Inference, Not Training, Eats Power
The paper cites several prior studies demonstrating that, despite the headlines, it’s inference (the use of a finished model, such as an NLP model) and not training that draws the greatest amount of power, suggesting that as popular models are commodified and enter the mainstream, power usage could become a bigger issue than it currently is at this more nascent stage of NLP development.
Thus the researchers measured the impact of inference on power usage, finding that the imposition of power-caps has a notable effect on inference latency:
‘Compared to 250W, a 100W setting required double the inference time (a 114% increase) and consumed 11.0% less energy, 150W required 22.7% more time and saved 24.2% the energy, and 200W required 8.2% more time with 12.0% less energy.’
The paper suggests that training (if not inference, for obvious reasons) could be scheduled at times when the data center is at peak Power Usage Effectiveness (PUE) – effectively, that’s in the winter, and at night.
‘Significant energy savings can be obtained if workloads can be scheduled at times when a lower PUE is expected. For example, moving a short-running job from daytime to nighttime may provide a roughly 10% reduction, and moving a longer, expensive job (e.g. a language model taking weeks to complete) from summer to winter may see a 33% reduction.

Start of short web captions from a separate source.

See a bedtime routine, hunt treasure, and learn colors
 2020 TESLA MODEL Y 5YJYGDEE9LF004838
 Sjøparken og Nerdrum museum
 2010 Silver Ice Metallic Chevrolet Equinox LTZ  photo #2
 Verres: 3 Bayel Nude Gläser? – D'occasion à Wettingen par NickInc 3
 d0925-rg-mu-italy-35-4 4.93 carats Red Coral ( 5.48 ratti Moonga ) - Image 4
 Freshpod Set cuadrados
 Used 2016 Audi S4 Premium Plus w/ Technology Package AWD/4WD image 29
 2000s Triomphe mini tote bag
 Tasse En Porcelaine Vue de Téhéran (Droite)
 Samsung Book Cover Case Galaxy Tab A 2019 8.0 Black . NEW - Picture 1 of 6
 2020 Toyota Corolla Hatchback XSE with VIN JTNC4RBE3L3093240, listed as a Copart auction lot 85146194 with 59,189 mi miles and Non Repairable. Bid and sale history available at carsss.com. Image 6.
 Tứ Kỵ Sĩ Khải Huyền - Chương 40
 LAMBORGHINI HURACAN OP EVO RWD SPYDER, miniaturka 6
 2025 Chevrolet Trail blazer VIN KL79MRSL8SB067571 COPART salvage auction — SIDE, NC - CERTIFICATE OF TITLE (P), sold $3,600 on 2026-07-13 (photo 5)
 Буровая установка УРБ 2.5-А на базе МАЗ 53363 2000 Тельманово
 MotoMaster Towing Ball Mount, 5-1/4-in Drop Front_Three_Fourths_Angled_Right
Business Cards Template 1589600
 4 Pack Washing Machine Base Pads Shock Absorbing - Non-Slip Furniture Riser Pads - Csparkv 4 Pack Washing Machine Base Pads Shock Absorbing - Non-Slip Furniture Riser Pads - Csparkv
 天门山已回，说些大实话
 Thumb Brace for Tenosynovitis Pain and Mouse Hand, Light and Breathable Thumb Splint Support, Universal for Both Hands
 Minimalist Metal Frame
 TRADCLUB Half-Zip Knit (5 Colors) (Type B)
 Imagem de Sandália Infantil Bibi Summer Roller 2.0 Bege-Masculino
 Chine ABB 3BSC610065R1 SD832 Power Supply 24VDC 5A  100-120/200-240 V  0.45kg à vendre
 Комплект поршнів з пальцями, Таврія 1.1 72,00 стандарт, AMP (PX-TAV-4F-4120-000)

‘While it is difficult to predict the savings that an individual researcher may achieve, the information presented here highlights the importance of environmental factors affecting the overall energy consumed by their workloads.’
Keep it Cloudy
Finally, the paper observes that homegrown processing resources are unlikely to have implemented the same efficiency measures as major data centers and high-level cloud compute players, and that environmental benefits could be gained by transferring workloads to locations that have invested heavily in good PUE.
‘While there is convenience in having private computing resources that are accessible, this convenience comes at a cost. Generally speaking energy savings and impact is more easily obtained at larger scales. Datacenters and cloud computing providers make significant investments in the efficiency of their facilities.’
* Pertinent links given by the paper.